[Opening EXERCISE INPUT section]
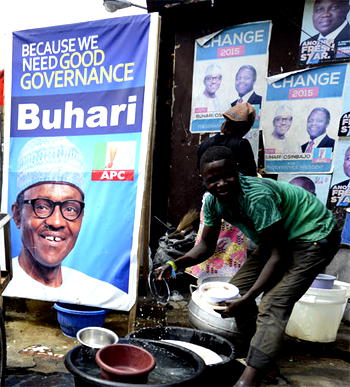 Buhari says he would do his best to secure the future if given the mandate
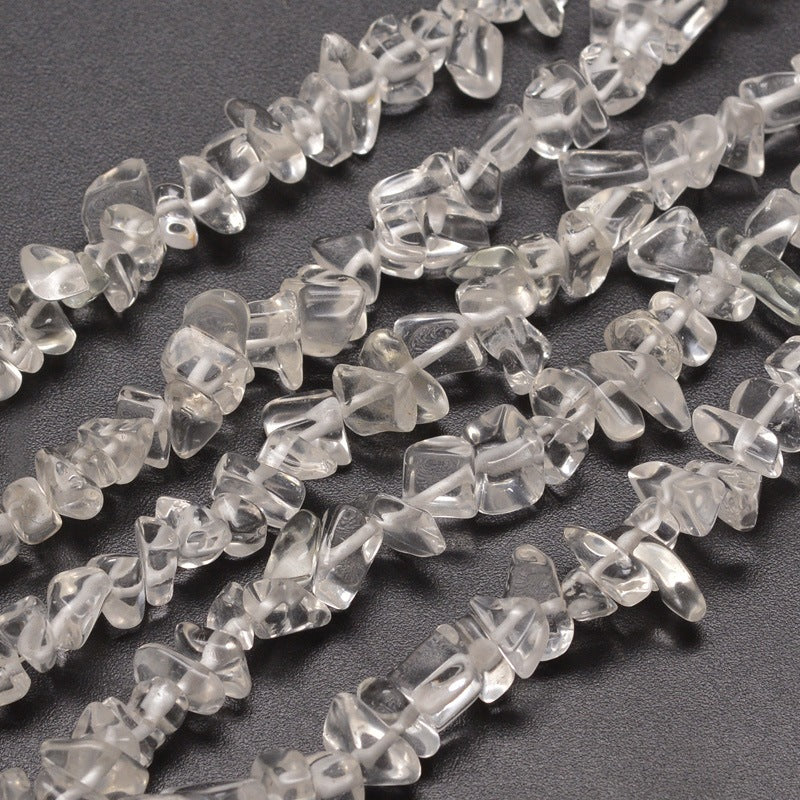 Glass Chip Beads 5-8mm Wide 32" Strand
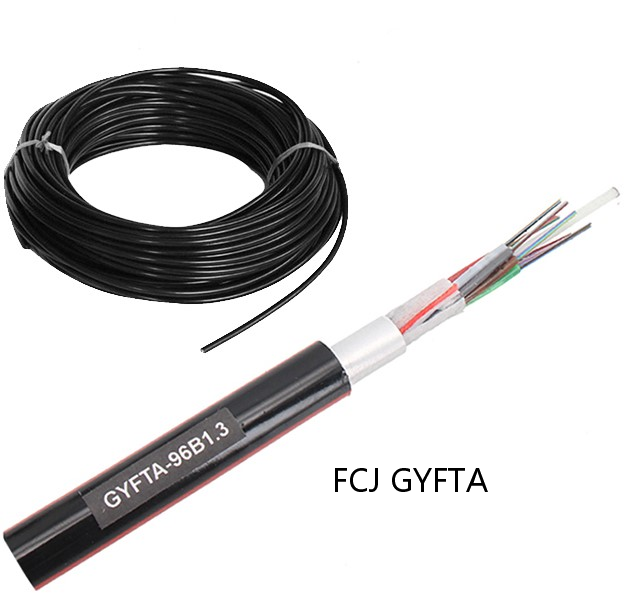 Fiber Optic CABLE GYFTA Non-Metallic Strength Member Armored ASU Fiber Optical Cable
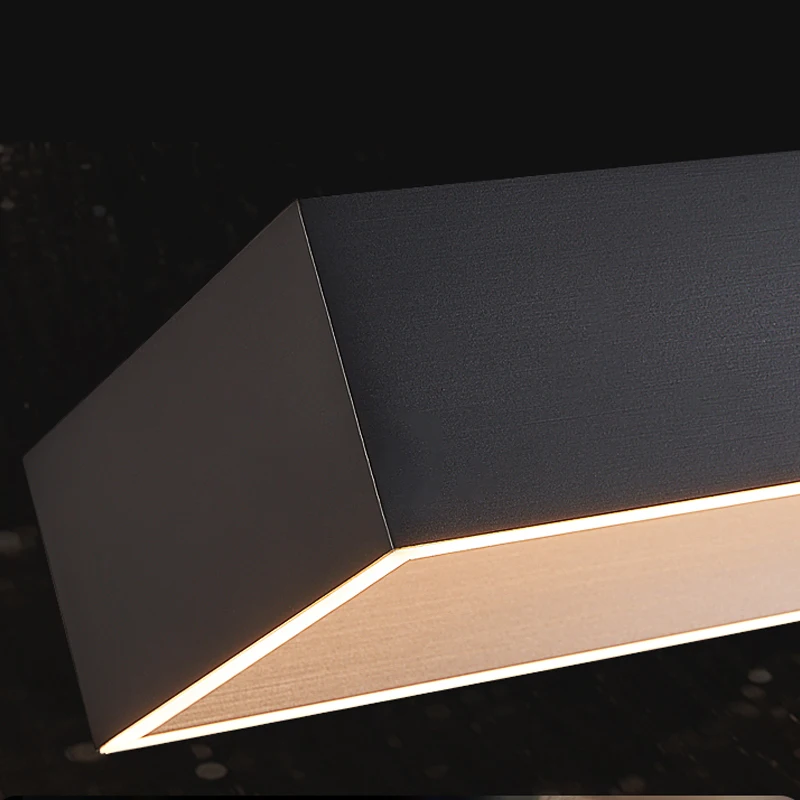 كلمة واحدة الحد الأدنى غرفة الطعام الثريا الحديثة شريط طويل طاولة طعام مصباح غرفة الطعام الفاخرة طاولة بار مصباح مكتب الخفيفة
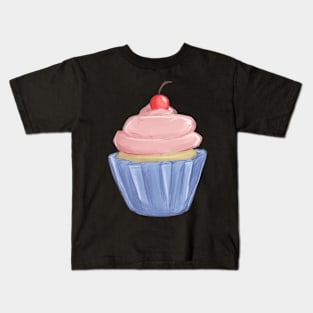 Pretty Pink Cupcake Kids T-Shirt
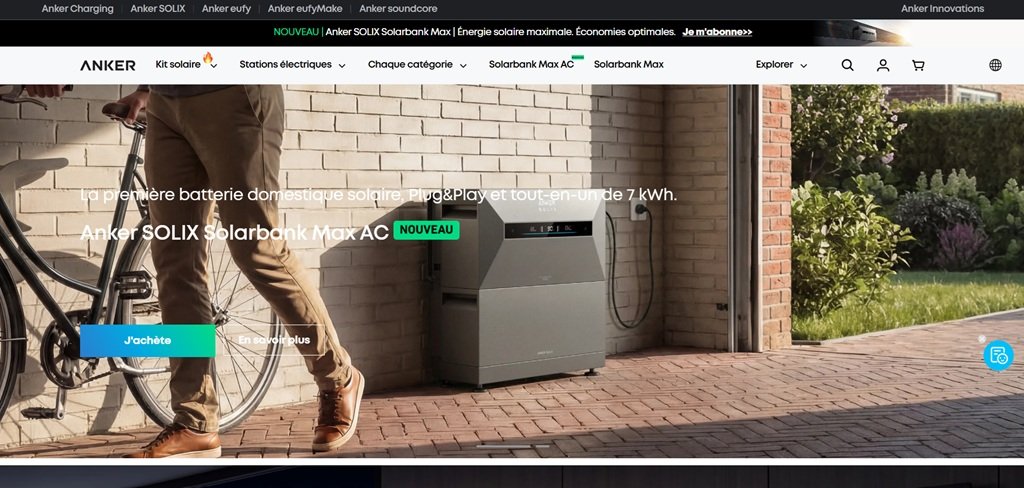 Anker SOLIX - Batteries solaires de balcon et stations électriques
[Closing EXERCISE INPUT section]
• _WHAT IS EXPECTED_: Everything from the line with "Fiber Optic CABLE" through the final line of the material is to be returned exactly, both ends included, apart from the pictures.

• _TASK RESPONSE_:
 Fiber Optic CABLE GYFTA Non-Metallic Strength Member Armored ASU Fiber Optical Cable
 كلمة واحدة الحد الأدنى غرفة الطعام الثريا الحديثة شريط طويل طاولة طعام مصباح غرفة الطعام الفاخرة طاولة بار مصباح مكتب الخفيفة
 Pretty Pink Cupcake Kids T-Shirt
 Anker SOLIX - Batteries solaires de balcon et stations électriques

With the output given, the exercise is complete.